Des forces ancestrales vivent en lui. Son arrière-grand-père maternel, le marquis François de Lanux conspire contre le Régent, se réfugie en Hollande, puis en 1720 part pour l’île Bourbon où il épouse en 1726 la fille d’un ancien forban natif de Rouen, Jacques Léger[4]. Le petit-fils du marquis François épouse une mulâtresse dont la fille, fort séduisante quarteronne, fera battre le cœur du poète[5].

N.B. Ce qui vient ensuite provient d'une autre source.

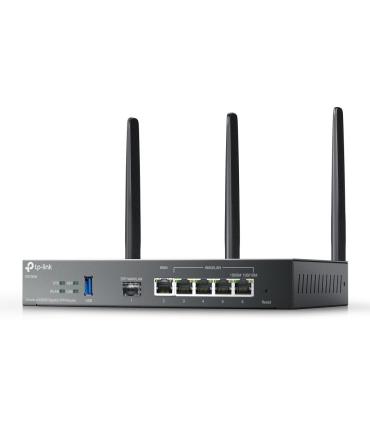 TP-Link Omada ER706W router inalámbrico Gigabit Ethernet Doble banda (2,4 GHz   5 GHz) Negro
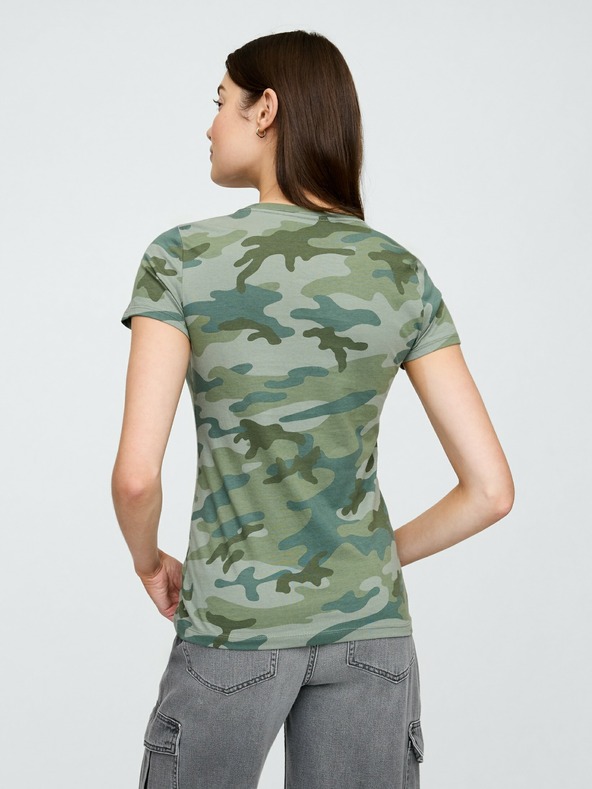 GAP GAP logó v-ss camo arch póló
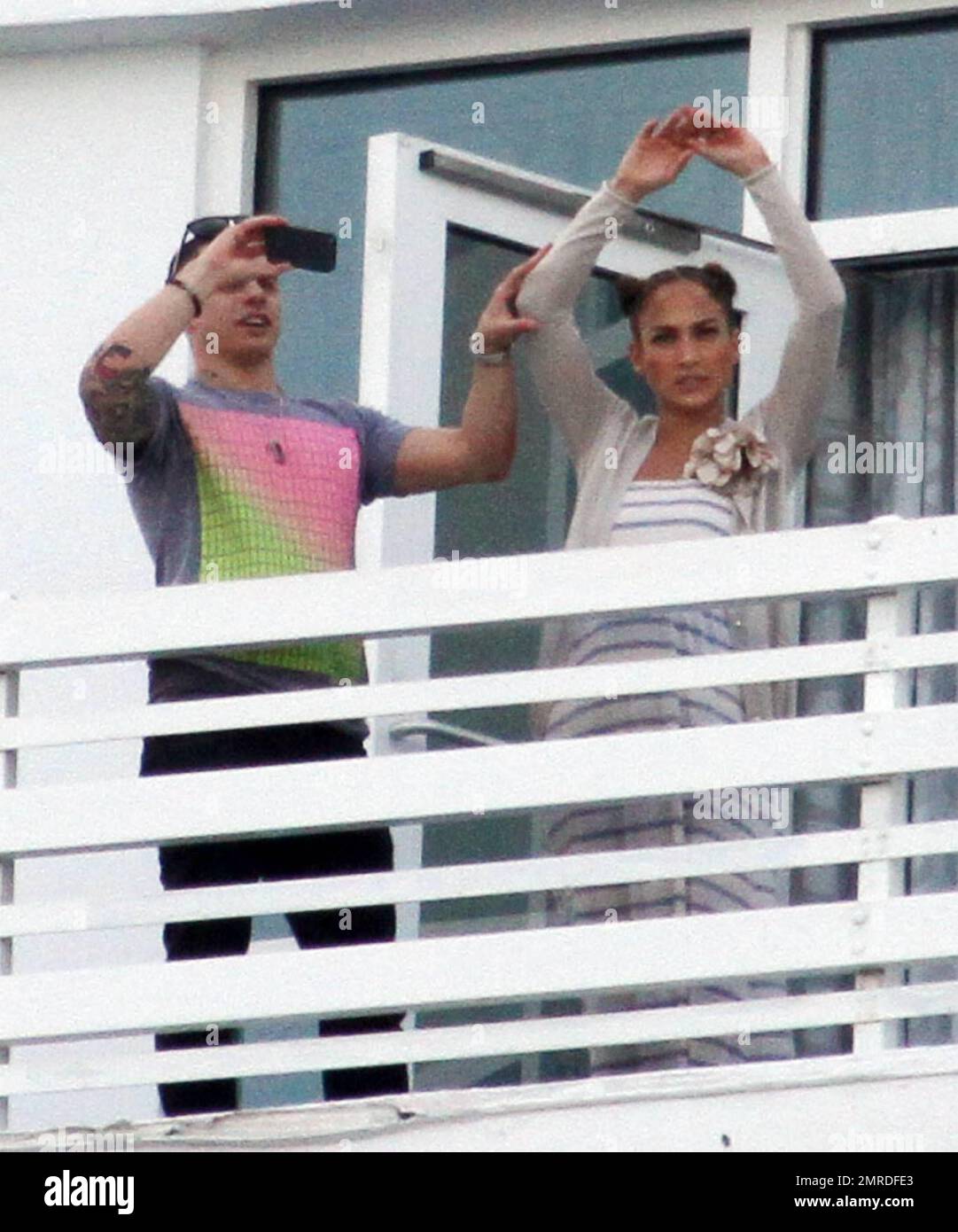 Jennifer lopez day pool boyfriend hi-res stock photography and images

Par le côté paternel, Leconte de Lisle est d’origine normande : la terre de l’Isle, relevant de l’évêché de Dol, voit son horizon borné par la cathédrale, le mont Saint-Michel, les hauteurs d’Avranches[6]. Installée en Bretagne, à Dinan, vers le milieu du xviiie siècle, la famille compte surtout des médecins, des chirurgiens, voire des apothicaires. Michel Le Conte a beau être sieur de l’Isle et de Préval, la famille est d’honnête roture[7]. Le poète, qui connaît son Molière, et qui a lu L’École des Femmes, n’aura jamais besoin qu’on lui rappelle la tirade de Chrysalde à M. de la Souche :


Je sais un paysan qu’on appelait Gros-Pierre,
Que, n’ayant pour tout bien qu’un seul quartier de terre,
Y fit tout à l’entour faire un fossé bourbeux,
Et de monsieur de l’Isle a pris le nom pompeux.

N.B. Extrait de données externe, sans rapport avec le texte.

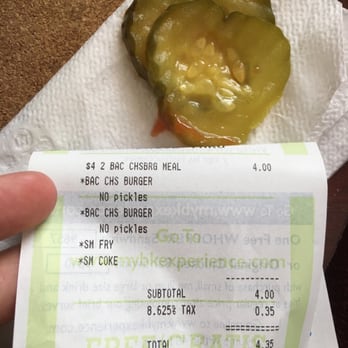 Burger King - saying no pickles means absolutely nothing at this location - Burgers Near Me - Patchogue, New York
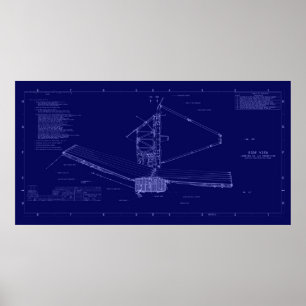 Póster Plano del telescopio espacial James Webb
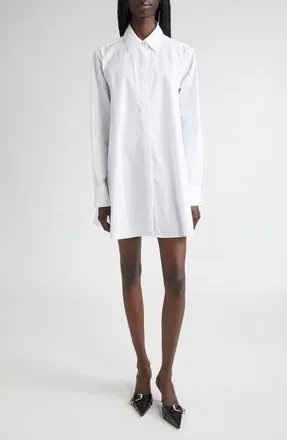 K.ngsley Gaia Button-Up Shirtdress in White at Nordstrom, Size 8 Us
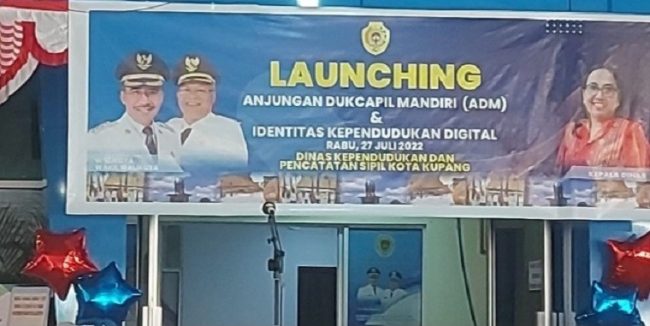 Dekatkan Pelayanan Publik Walikota Kupang Launching Mesin Anjungan Dukcapil Mandiri 7 20220728 085210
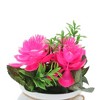 Unique Bargains Artificial Plants 4-Piece Large Lotus Plastic 3.54"x3.54"x6.69" 1 Pcs - 4 of 4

  1. Les Commérages de Tybalt, p. 182.
  2. Journal, VI, 5.
  3. Revue Bleue, 5 octobre 1895, p. 425 ; cf. Jean Dornis, Essai, p. 7.
  4. Dornis, Essai, p. 4 ; R. D. D.-M., 19 mai 1899, p. 323 ; Cazamian, Revue Bleue du 16 mars 1929, p. 178.
  5. Dornis, préface des Contes en Prose, p. xx.
  6. Tiercelin, Bretons de Lettres, p. 8-9.
  7. G. Bastard, Revue Bleue, 14 décembre 1895, p. 743.